╔══

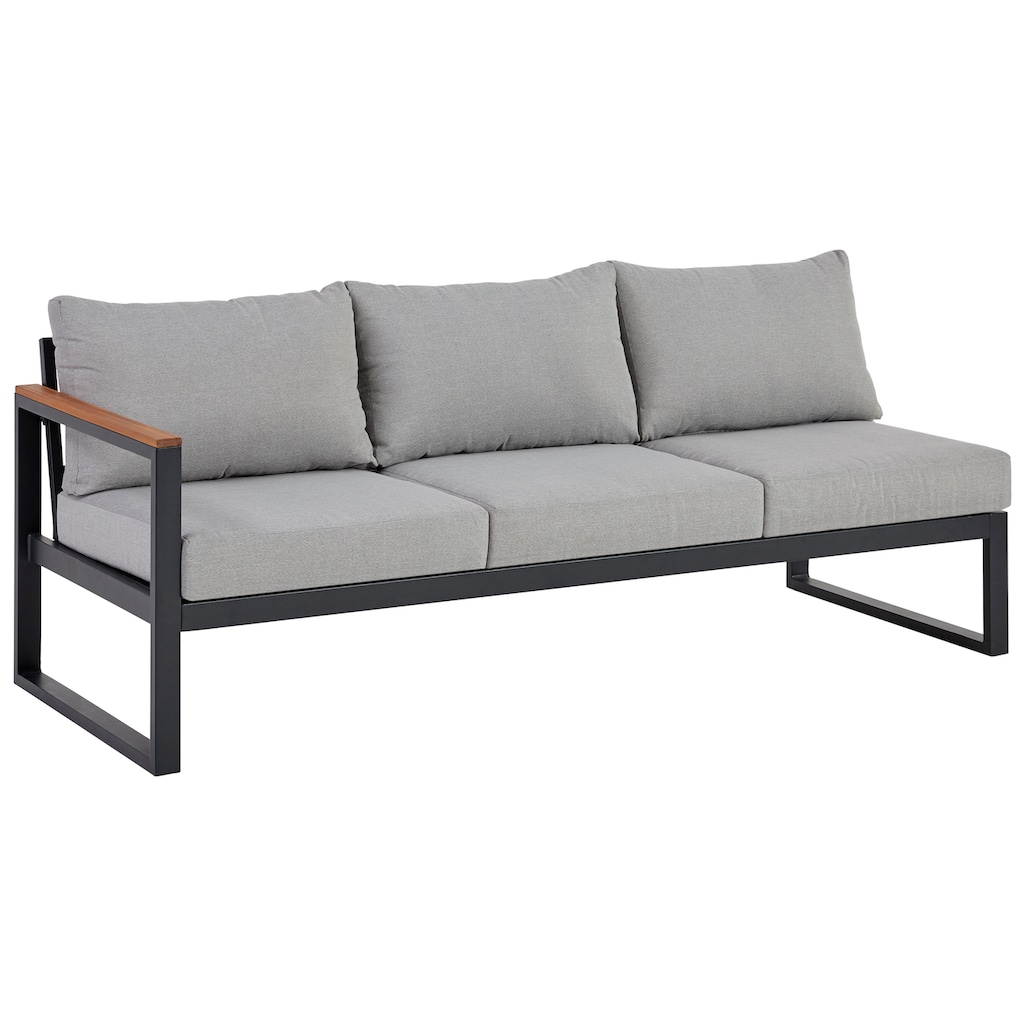 KONIFERA Gartenlounge-Set »Rhodos«, (Set, 5 tlg., 2xBank,1xHocker, 1xTisch 65x50x37cm, 1xTisch 90x65x37cm,inkl. Auflagen), Terassenmöbel,Aluminium,Akazienholz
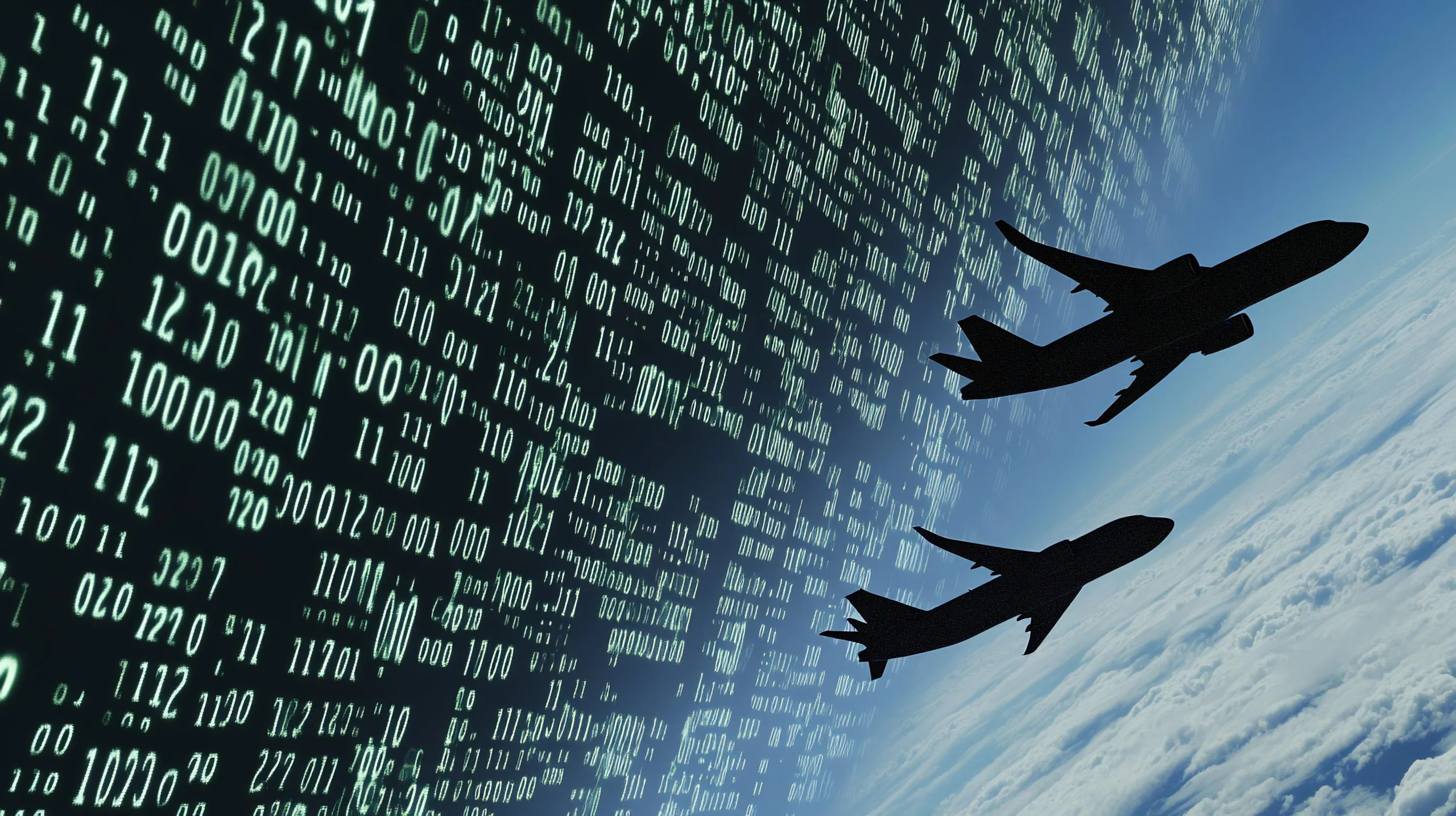 Israel Air-Based C4ISR Market Outlook 2035 two-airplanes-silhouetted-against-backdrop-binary-code-scaled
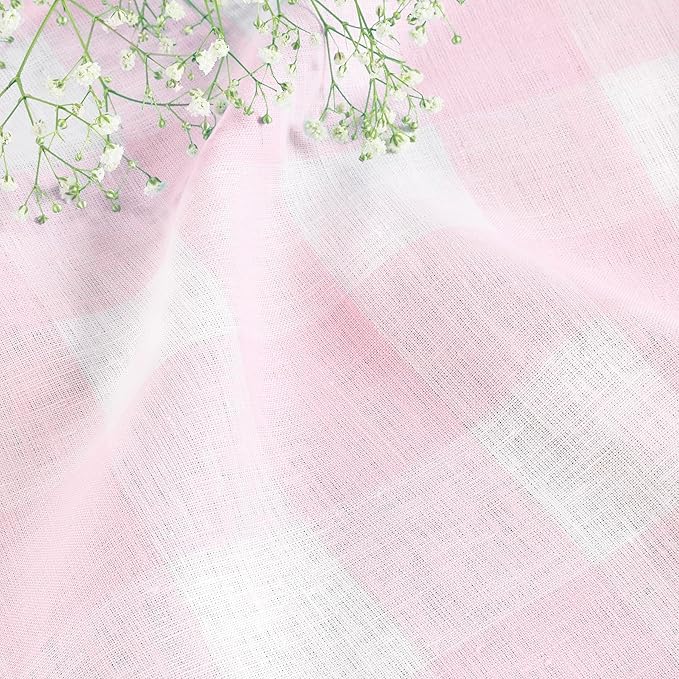 Solino Home Linen Checkered Table Runner 144 Inches Long - 100% Pure Linen Marshmellow Pink Buffalo Check Table Runner 14 x 144 Inch Ideal for Dining, Valentines, Spring, Easter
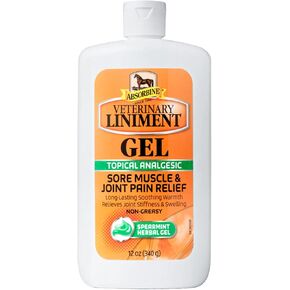 Absorbine Veterinary Liniment Gel, Topical Menthol Analgesic Rub for Sore Muscle, Joint & Arthritis Pain Relief, Combo Pack Includes 12oz Value Size + 3oz Travel Size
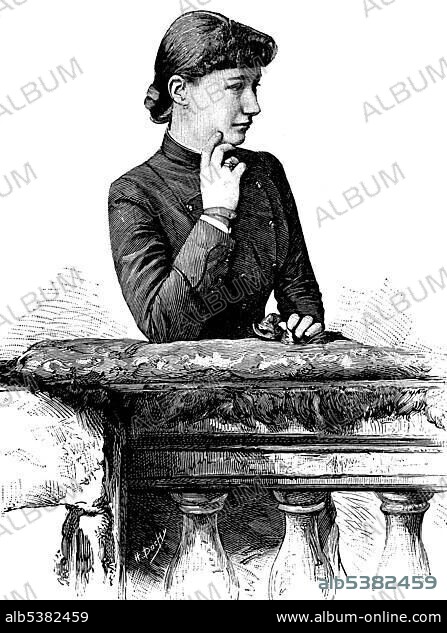 Princess Auguste Victoria Friederike Luise Feodora Jenny of Schleswig-Holstein-Sonderburg-Augustenburg, 1858 - 1921, wife of William II, the last German Empress and Queen of Prussia, woodcut 1888.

╚══

● WORK TO COMPLETE
Nothing but the lines from the one holding "Israel Air-Based C4ISR" to the end of the entries above should be echoed, exactly and with both ends included; omit the pictures.

● COMPLETED TASK
 Israel Air-Based C4ISR Market Outlook 2035 two-airplanes-silhouetted-against-backdrop-binary-code-scaled
 Solino Home Linen Checkered Table Runner 144 Inches Long - 100% Pure Linen Marshmellow Pink Buffalo Check Table Runner 14 x 144 Inch Ideal for Dining, Valentines, Spring, Easter
 Absorbine Veterinary Liniment Gel, Topical Menthol Analgesic Rub for Sore Muscle, Joint & Arthritis Pain Relief, Combo Pack Includes 12oz Value Size + 3oz Travel Size
 Princess Auguste Victoria Friederike Luise Feodora Jenny of Schleswig-Holstein-Sonderburg-Augustenburg, 1858 - 1921, wife of William II, the last German Empress and Queen of Prussia, woodcut 1888.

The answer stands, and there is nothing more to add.